Olle P wrote:I'd say you don't need to guide the air, but your solution for oil flow management seems great!
Maybe I'll be able to design the tank to have removable guides, so we'll be able to test that hypothesis. That would be fun. I'm guessing that forced convention will make a significant difference. I predict, um, 10C lower oil temp with forced air versus passive. That's a total SWAG, of course. It's not like I know what I'm doing, or anything. ;-)
Olle P wrote:Your flat vanes have a couple of disadvantages:
1) They're probably too thin to get an even oil flow distribution over the surfaces.
2) They're pretty difficult to manufacture.
Sounds like you know more about metal work than I do, so I can't really dispute your second point.
About your first point -- I originally considered a zig-zag pattern. The evolution of my thinking, from start to finish, went like this:
1 - A 12" high, 16" wide flat tank wall has 1.3 sq ft of surface area. Ok.
2 - What about adding fins? A 1" vertical fin spaced every 1/2" along the wall will triple the surface area of the air-tank interface to 4 sq ft! Woot!
3 - Oh, but wait, if the interior of the tank is just a flat wall, it will have just 1.3 sq ft for oil-tank interface. That may be the bottleneck for heat transfer from oil to wall to air.
4 - Fine, so I will put fins on the inside too.
5 - Ick. That's a lot of fins. A lot of welding. Or gluing? They might be breaking off and stuff.
6 - Hmm, fins on the inside and fins on the outside rely on the metal to conduct a lot of heat along it's thin cross section. And if the fin is "wide" - that is, sticks out a long way, like 4 inches instead of just 1 inch, then we need even MORE heat flow through that thin cross section of metal. What metals are heat conductive? Copper rocks. But too expensive. Aluminum is half as conductive as copper. Not so expensive. But hard to weld (so I'm told). Steel has about 1/5th the conductivity of copper. And cheap. And workable (so I hear). Hm. But is it conductive enough for super wide fins? This sounds like a manufacturing nightmare.
7 - Hmm, thicker metal means more heat conductance. So what if I make the fins super thick? Like, maybe 1/8" thick? Actually, what if I make them SUPER thick - like 1" thick and 4" wide? Or go with metal wedges as fins, 1/2" at base, 4" wide, packed along the side of the tank. That's certainly enough metal to conduct the heat along their length. Hmm, but expensive. And heavy. Ridiculously heavy.
8 - Oooh, what if I make the fins HOLLOW! Let the oil flow INSIDE the fins, to supply them with heat. Made how? Hollow out blocks of steel. No, of course not. Buy rectangular tubing and join them together? Hmm, maybe. Then the heat flows transversely THROUGH the hollow fin's metal wall, instead of ALONG the metal. In which case thin metal is GOOD, not BAD. Jeez, how will I avoid leaks after joining all these hollow things together?
9 - Oh, of course, let's just take a big sheet of metal and fold it like an accordion.
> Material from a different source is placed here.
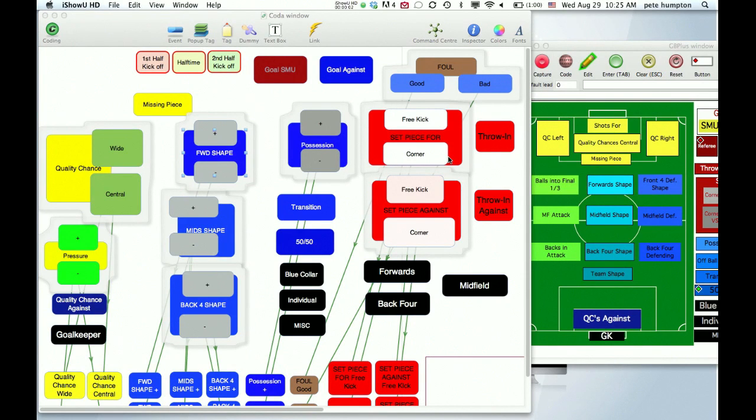Welcome to another DTS support video. In this one we're going to be doing some color matching between our Coda program and our GameBreaker Plus program.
No joints, no welds, no chances of leaks. The more extreme the folding, the more surface area we get. But two questions: what shape for the folds/vanes, and how closely spaced (how thin), and how wide (how much does a vane "stick out" away from the tank) ?
10 - First, what amount of surface area are we aiming for here? I want extreme surface area -- like about 10x what you'd get with an ordinary tank. Increasing surface area requires either using more closely spaced vanes (and therefore more of them) or using wider vanes (so each vane has more surface area). So, let's consider wide, closely spaced vanes, for lots of surface area.
11 - Now, rectangle or triangle? My feeling is that a triangular cross section with a narrow base will cause oil to flow poorly in the pointy end -- that would be a fair bit of surface area not being given heat. My feeling is that a rectangle, even one with the same "average" thickness as the triangle (that is, half the base width) would do better. That's just intuition though. I can't back that up with real science.
So, I'm trying rectangles, as shown in the design illustration I gave earlier. Unless I cannot manufacture it. I don't know how to do it yet.
Olle P wrote:
My suggestion is to do a nice blueprint of the design, and let some professional metal shop do the physical work.
I'm doing myself. That's part of the purpose of the project - I do it myself. I WILL learn how to work with metal.
Olle P wrote:
Spring steel is definitely the wrong quality. Too hard to work with!
These are the thicknesses to go for. .022 should suffice, .035 is very good.
... But again: Do see what the professionals say! They have the know-how, the skills, the tools and the material needed.
Personally I think it's too difficult for me as a novice to get the construction sealed at the bottom and at every junction.
Good to know, and good advice. Thank you!